/Amazon_Vine_Analysis

Using Pyspark to perform the ETL process on a dataset, connect to an AWS RDS instance, and load the transformed data into pgAdmin

Primary LanguageJupyter Notebook

Amazon_Vine_Analysis

Analysis Overview

The purpose of this project is to use Pyspark to perform the ETL process on Amazon reviews written by members of the Amazon Vine program. Once the data is extracted and transformed, an AWS RDS instance was connected so the transformed data could be transferred into pgAdmin. Lastly, Pyspark was used again to determine if there is any bias toward favorable reviews from Vine members in the dataset. The link to the dataset is provided below.

https://s3.amazonaws.com/amazon-reviews-pds/tsv/amazon_reviews_us_Video_Games_v1_00.tsv.gz

Results

Based on the DataFrames that were generated from the dataset, there were several questions that needed to be answered.

  • How many Vine reviews and non-Vine reviews were there?

Vine Reviews


Vine Count


The images for the Vine member reviews DataFrame and the count are displayed above showing a count of 94.

non-Vine Reviews


non-Vine Count


The images for the non-Vine member reviews DataFrame and the count are displayed above showing a count of 40471.
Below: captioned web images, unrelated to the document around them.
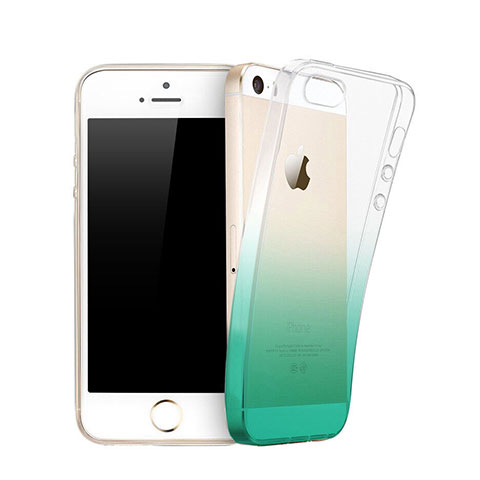 Cover Silicone Trasparente Ultra Slim Morbida Sfumato per Apple iPhone 5 Verde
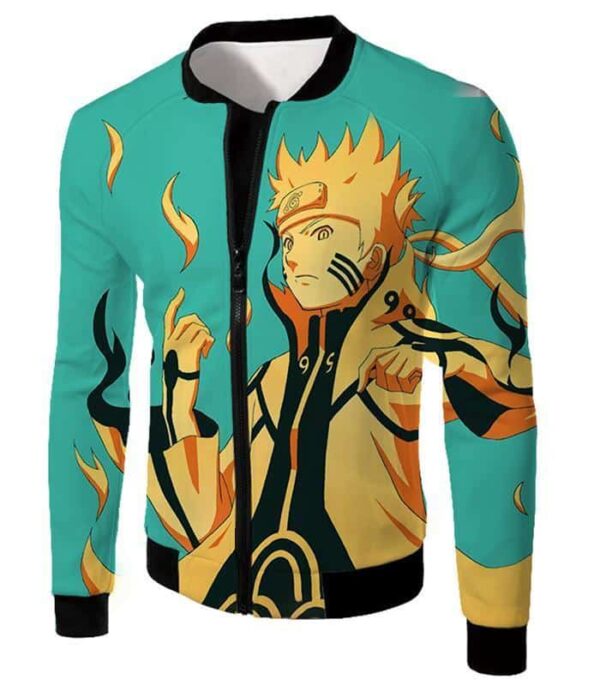 Naruto Super Cool Boruto Uzumaki Tailed Beast Mode Action Green Hoodie - Jacket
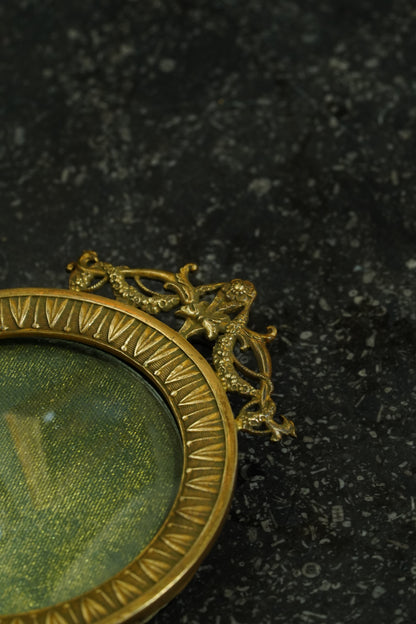 Antique French Gilt Brass Round Picture Frame, Convex Glass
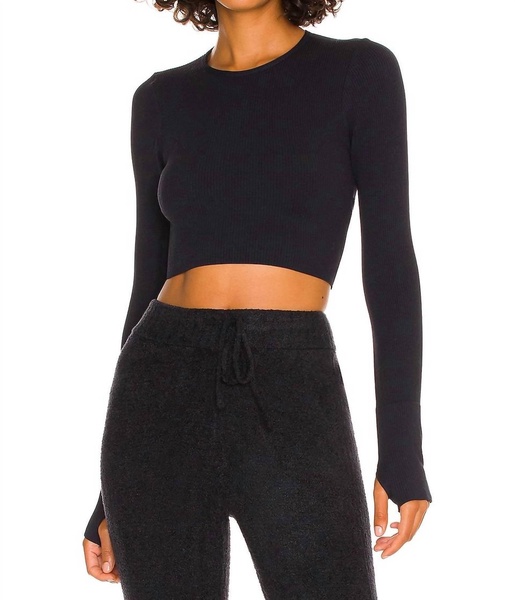 serene twist back long sleeve top in black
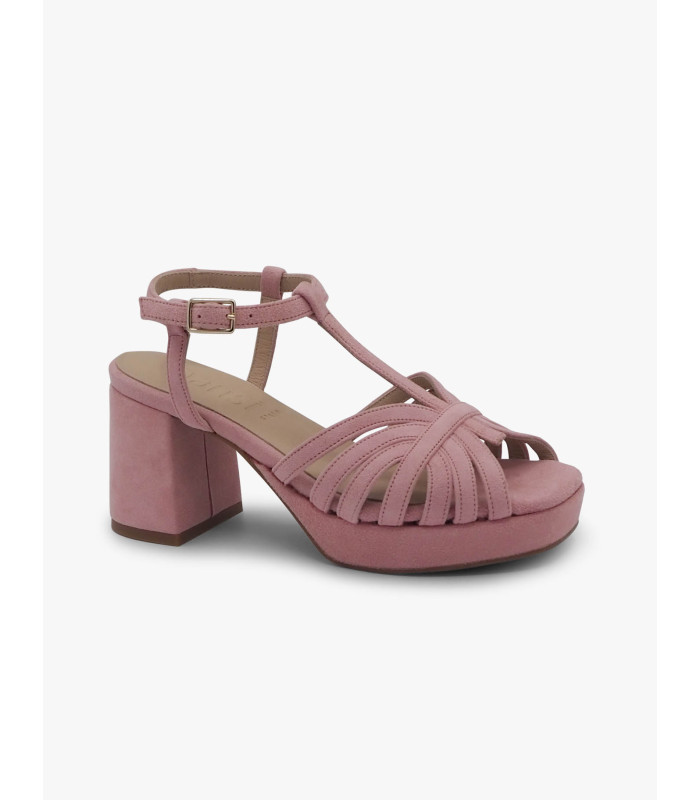 Sandalia terciopelo rosa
  • How many Vine reviews were 5 stars? How many non-Vine reviews were 5 stars?

Vine 5-star Reviews


non-Vine 5-star Reviews


As seen in the images above, there were 48 5-star reviews by Vine members and 15663 non-Vine member reviews.

  • What percentage of Vine reviews were 5 stars? What percentage of non-Vine reviews were 5 stars?

Percent Vine 5-star Reviews


Percent non-Vine 5-star Reviews


As seen in the images above, about 51.1% of Vine member reviews were 5-stars and about 38.7% of non-Vine member reviews were 5-stars.

Summary

Based on the DataFrames and results that were generated, it seems that there is some positivity bias in the Vine program. This statement can be made on the fact that there was a higher percentage of 5-star reviews made by the Vine members versus the non-Vine members. One additional analysis that could be done here to further support this statement is to account for all votes instead of only using data rows where the helpful votes divided by total votes was greater than 50%. Even though not every vote was considered 'helpful', it would account for every single vote, and the difference in those numbers compared to the numbers obtained in this analysis would say something more about the bias.